Once the response are back, the audio should playback.
Incase you not happy with the result, you can adjust the Stability=0.75
and Similarity=0.75
.
Each time you adjust the voice settings a new file is generated and saved locally. .\output
If you happen to have choosen an already generated voice hash (Voice
+Similarity
+Similarity
) it just plays back the audio file locally, no request is made.

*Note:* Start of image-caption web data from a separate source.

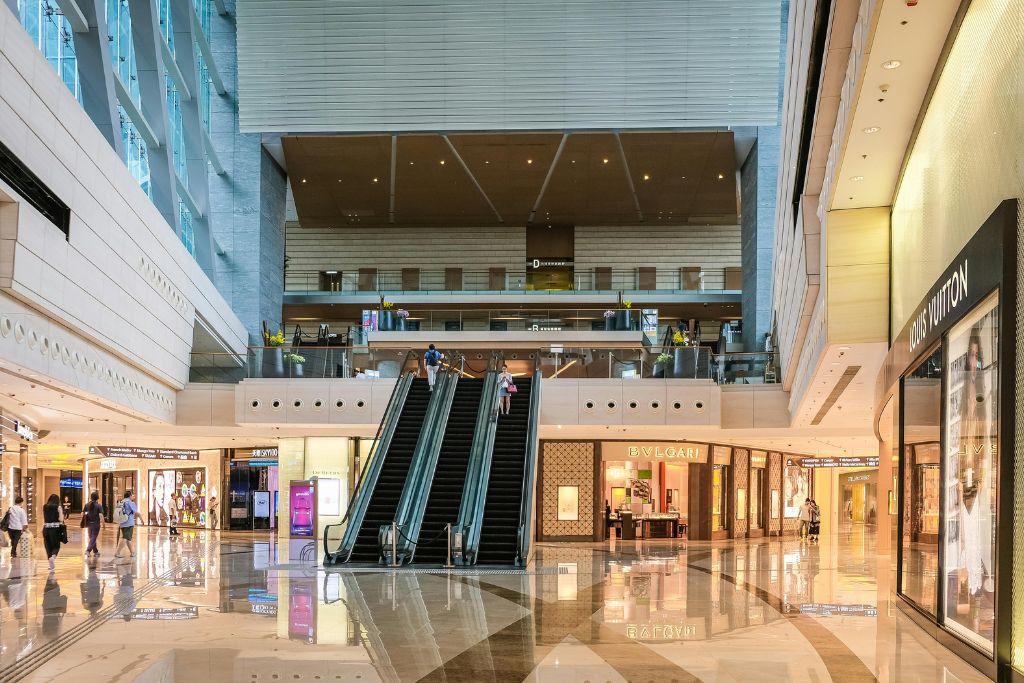 An upscale mall interior with shiny floors, escalators, and luxury storefronts like Louis Vuitton and Bvlgari, reflecting a sleek and modern shopping experience. Exploring malls is one of the cool things to do in Hong Kong during a layover or while waiting at the Hong Kong airport.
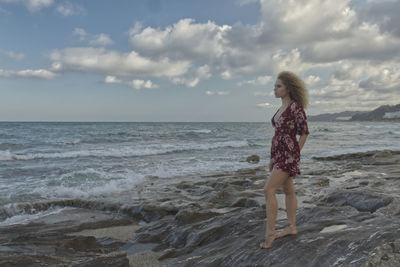 Full length of woman looking at sea while standing on rocky coastline against sky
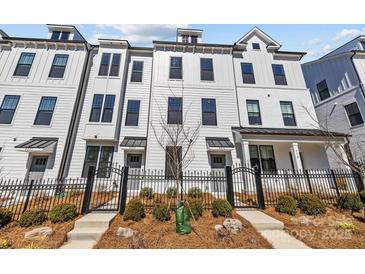 New construction townhomes with a black metal fence and landscaped front yard at 4214 Alexander View Dr # 39, Charlotte, NC 28226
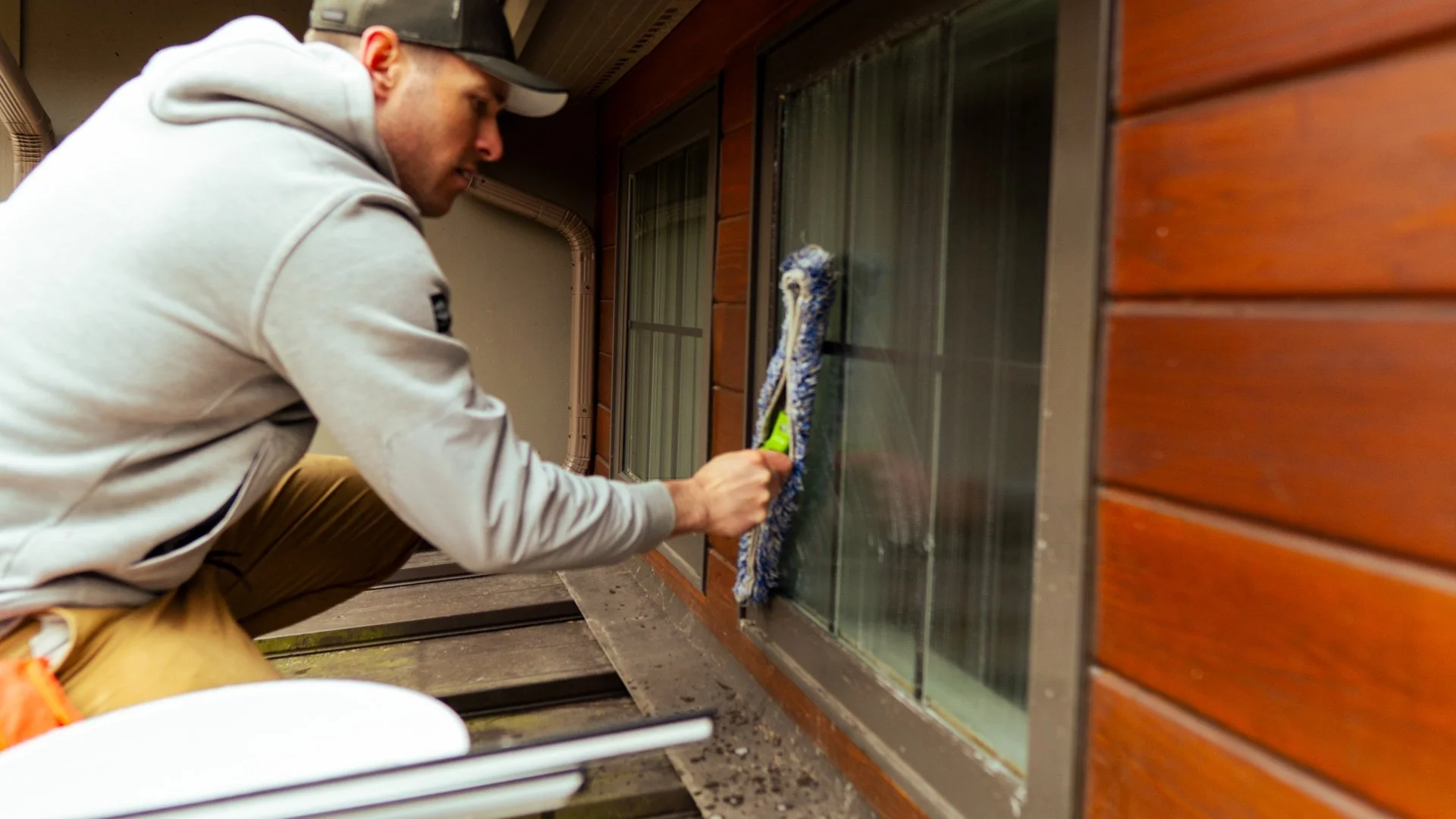 A man cleaning a window with a cloth outside a building, wearing a gray hoodie and a cap. - Taken by Dillon Morby of D Morby Media, a local photographer working in South East Michigan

It is possible to minimize the overlay with the _
button or SHIFT+ALT+SPACE
.
While the overlay is active its possible reposition the text via 1, 2, 3, 4
hotkeys.
While the overlay is active, pressing ESC
exits the program.
- About gaming, be sure to set the game windowed mode.
- While the overlay is hidden, pressing
ALT+SPACE
going to do OCR + TTS automatically.